The atmosphere of the small liberal arts college, especially here within such a dynamic place as Los Angeles, has always attracted me. I’m also particularly impressed with the students and the approach to learning that they have here. At Oxy, students demand that their education does not consist in a mere transfer of knowledge but involves active engagement intellectually, emotionally and politically, which is something I really admire.
How have you been connecting to students during remote learning?
I’ve been trying to open up as many avenues to connect with students as possible. This includes email, threads discussing and reflecting on texts, and, of course, Zoom meetings. So far, I’ve been really impressed with the energy, motivation, and commitment to learning that students have shown under really difficult circumstances.
What do you look forward to most about returning to campus?
Getting the chance to chat and discuss with students and colleagues spontaneously. This experience teaching and working remotely has made me realize just how important the random, unplanned aspects of our being together with one another are. This includes everything from the time before and after class where we can say hi or clarify concepts we’re discussing to the random conversations on the 4th floor of Johnson that are a product of just bumping into one another. These unplanned moments are crucial for getting to know people and creating an atmosphere and community. I’m really looking forward to having those interactions again.
I am particularly interested in the ways in which developments in the natural sciences opened a space for thinking about nature, culture, and subjectivity in non-teleological, open-ended ways.
How do you balance your research with your teaching, and how much do the two intersect?
This semester has been tough, as teaching and keeping in touch with everyone remotely has been time intensive. But generally, I make sure to block out chunks of time during the week then I can focus solely on reading and writing for research. Fortunately for me my research and teaching do intersect. My research focuses on the intersections of aesthetic theory, philosophy, and the history of science in German literature and philosophy around 1800. I am particularly interested in the ways in which developments in the natural sciences opened a space for thinking about nature, culture, and subjectivity in non-teleological, open-ended ways.

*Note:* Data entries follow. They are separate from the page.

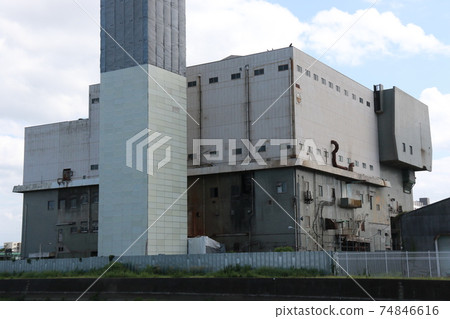 Garbage incinerator during demolition work (Morinomiya Factory) 74846616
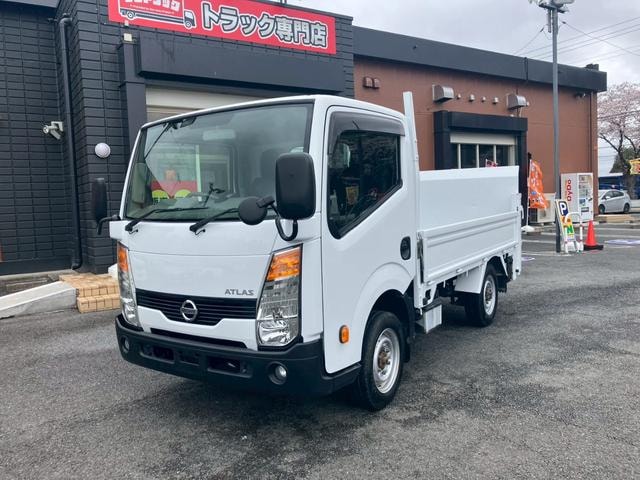 Nissan ATLAS TRUCK 2013 — фото автомобиля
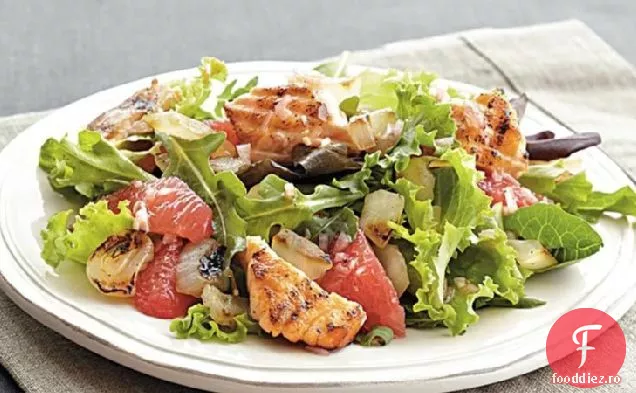 Salată de somon și Grapefruit la grătar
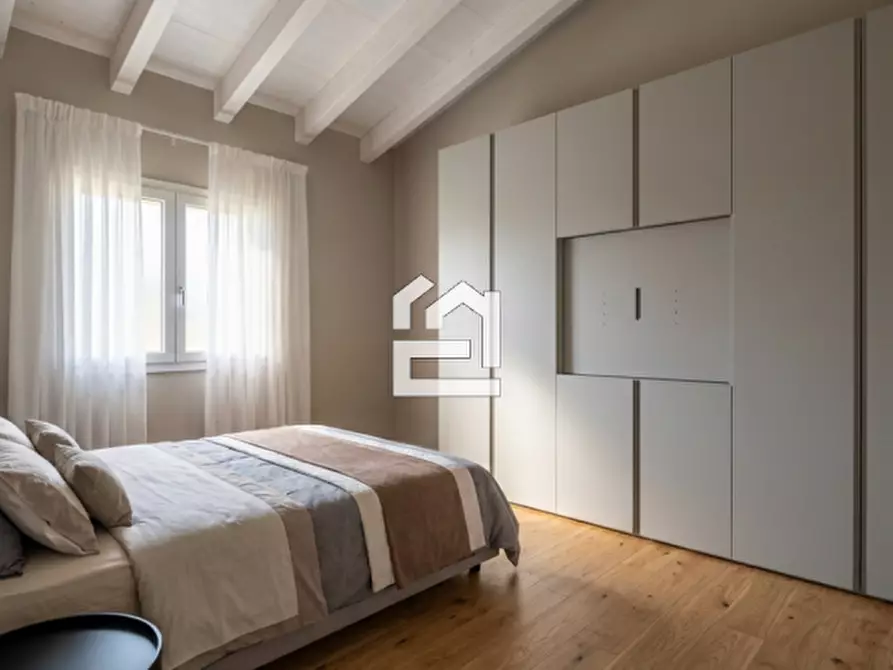 Immagine 4 di Villa in vendita  in Via San Rocco a Padenghe Sul Garda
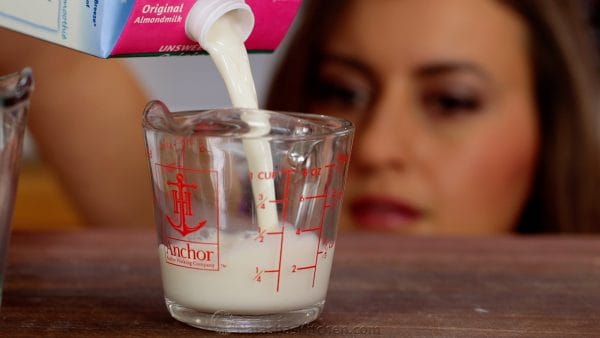 How to measure ingredients for recipes. Video on how to measure all kinds of dry and liquid ingredients. Measuring incorrectly could mean disaster in baking 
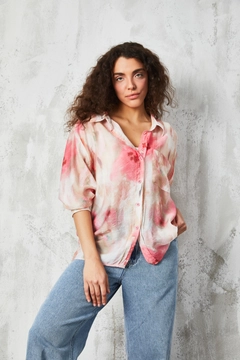 A wholesale clothing model wears fan10443-pink-patterned-shirt, Turkish wholesale Shirt of First Angels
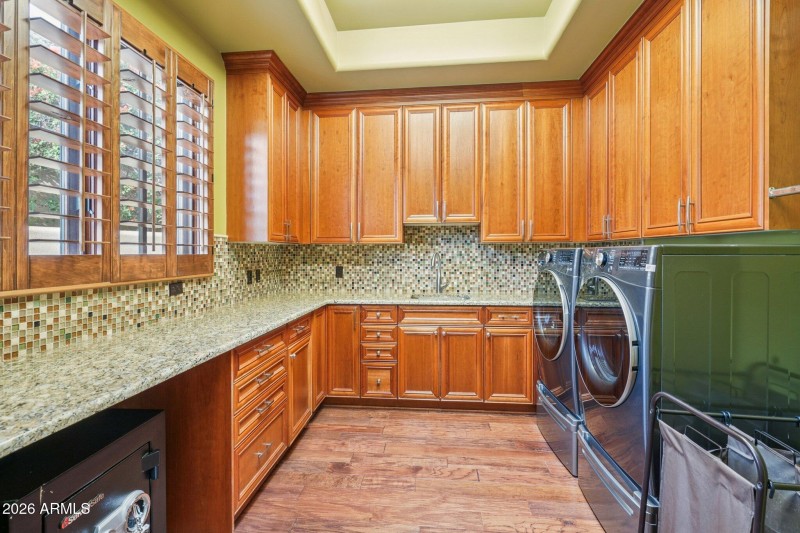 57-web-or-mls-E Desert Willow Dr-S0702-0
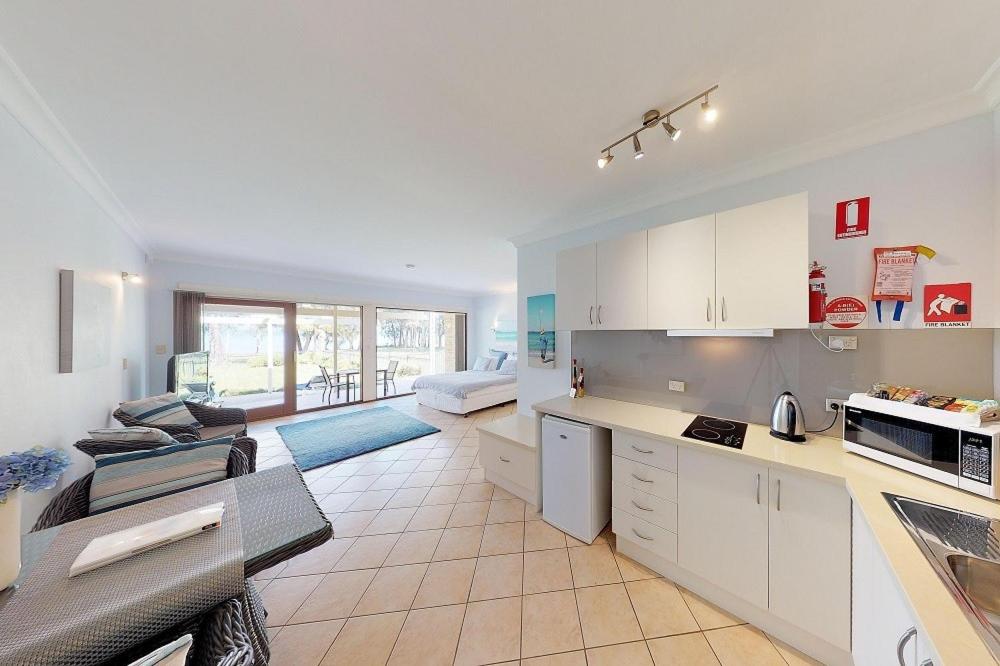 Paradise Beach Apartments photo 3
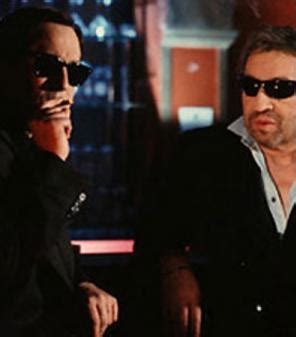 Lunettes noires pour nuits blanches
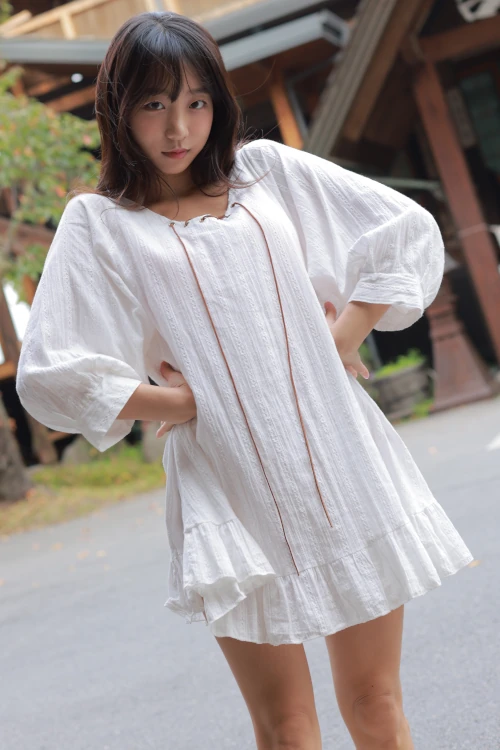 Read more about the article Eunji Pyo 표은지, Photobook Eunji Pyoapple Set.04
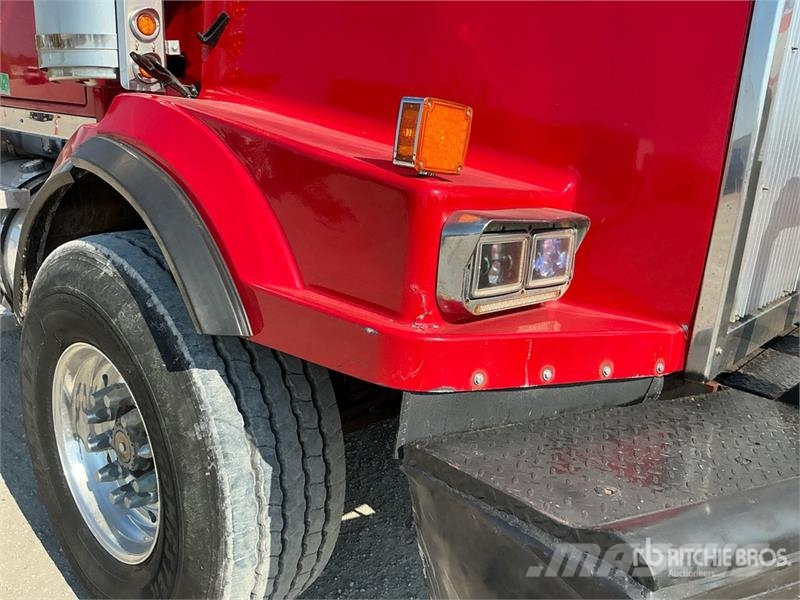 Western Star 4900 8x6 Sleeper Tow Truck Hinausautot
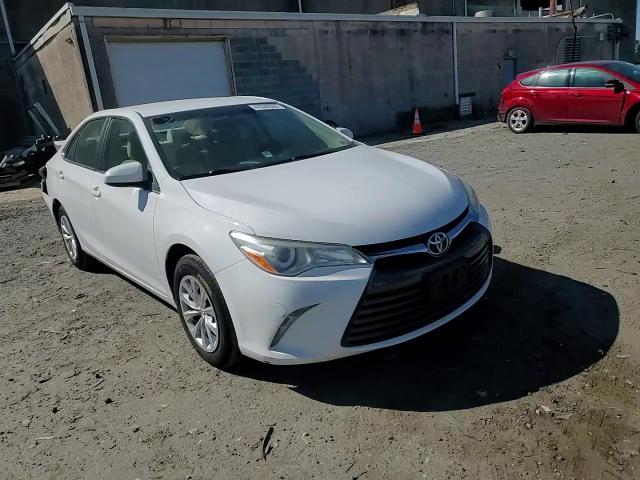 2015 Toyota Camry - Image 11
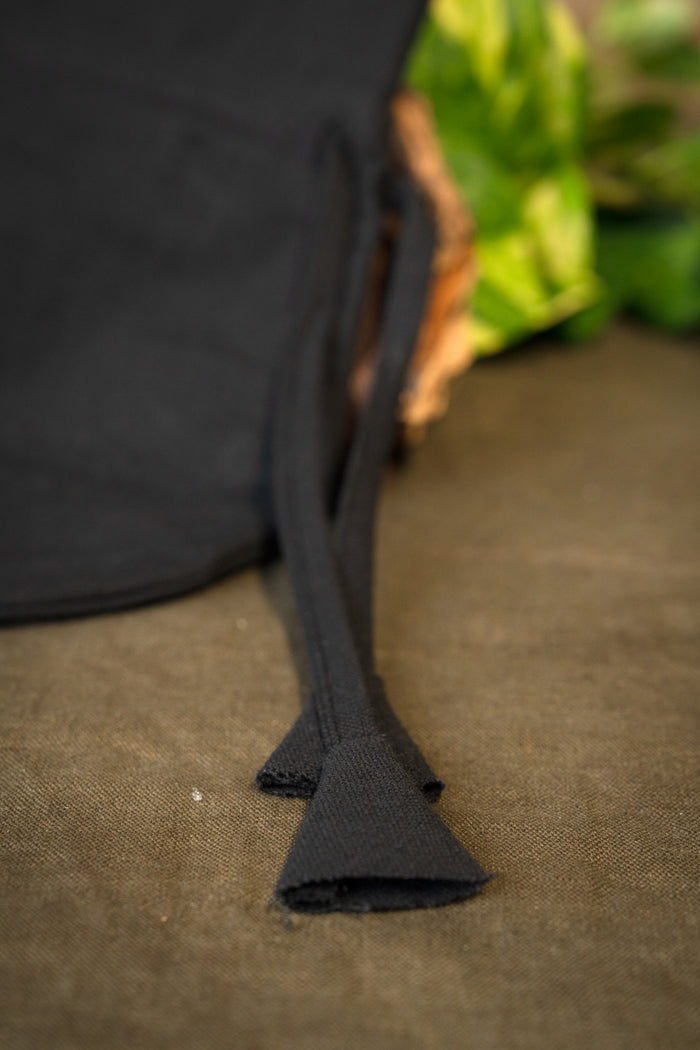 Money pouch black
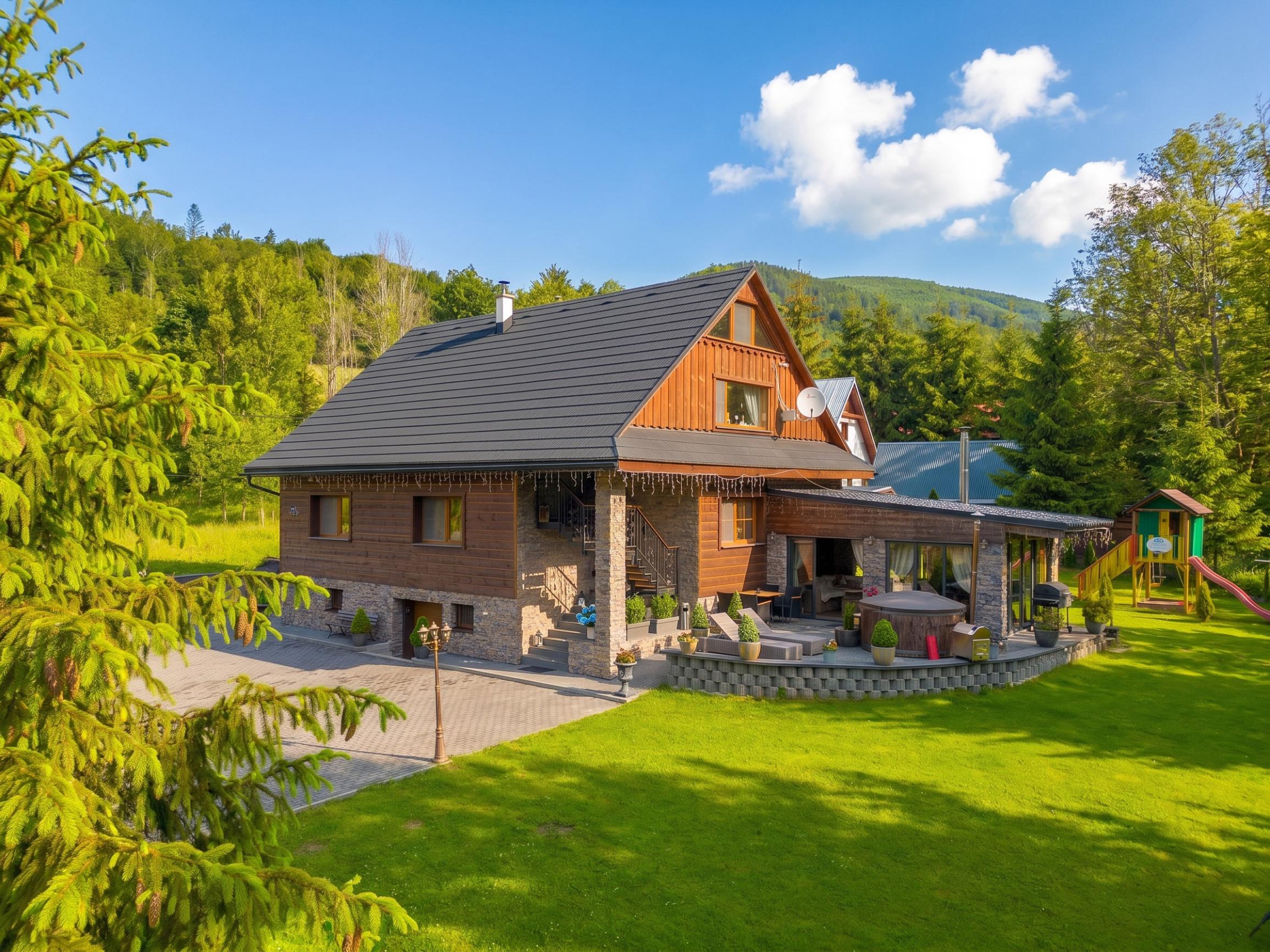Na predaj rodinný dom Vychylovka / Apartmánový dom, 1023m2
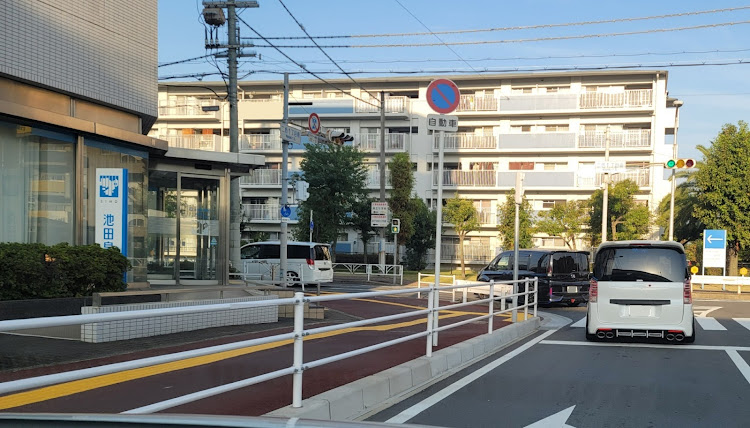 ステップワゴンスパーダのTHE VAN FEELS・STEP CREW SQUAD・こだわりイジリ…、ヨダレでます・主催者様と皆様のセンスに感動もん・さて、自分も変態にならないとね〜に関するカスタム事例の投稿画像2枚目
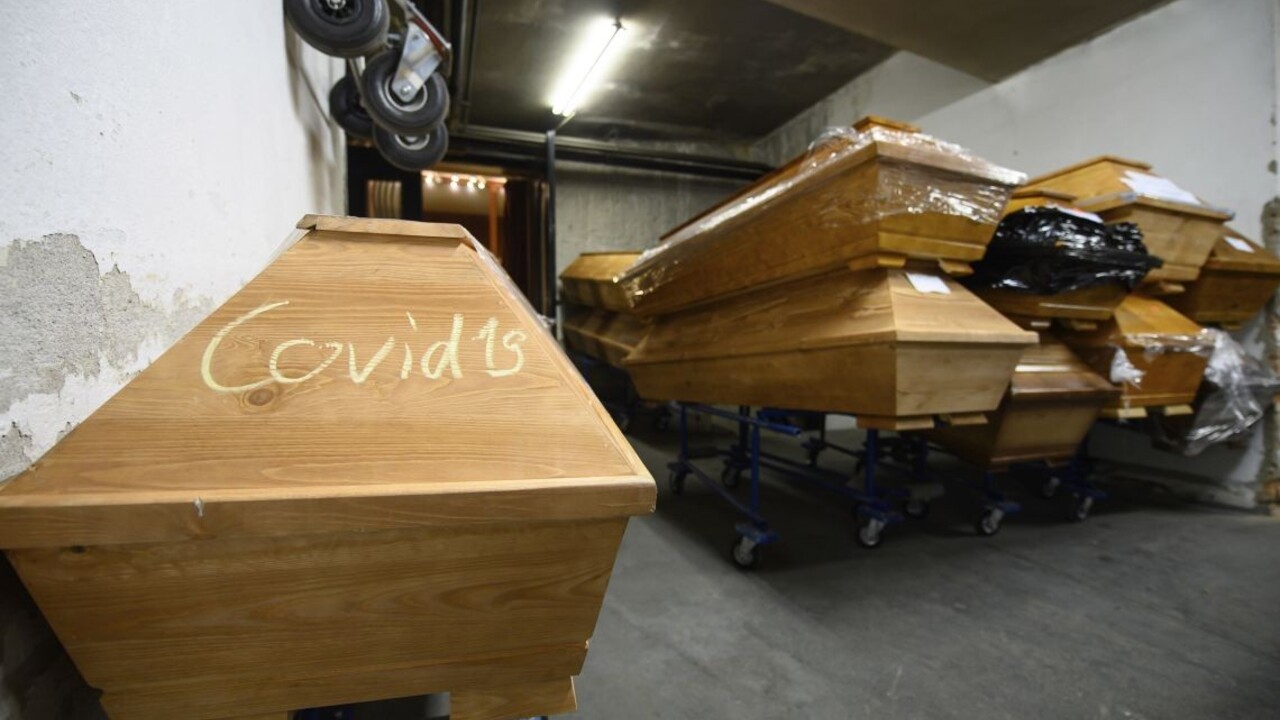 Pohreby komplikuje hystéria, situácia má byť onedlho kritická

My current book project focuses on the way in which Romantic metaphysics and literary theory take up these ideas to develop a theory of cultural transformation in which cultures and people are not seen as closed, static entities but opened up to the finitude of existence and with it, the possibility for open-ended transformation. My courses in German language and literature reflect these dynamics in everything from our discussions about Germany as a dynamic multi-cultural society to classes that address these ideas in texts as disparate as the literature of Kleist and Kafka to the reflections of Nietzsche in the lyric poetry of the Frankfurt hip-hop artist Azad.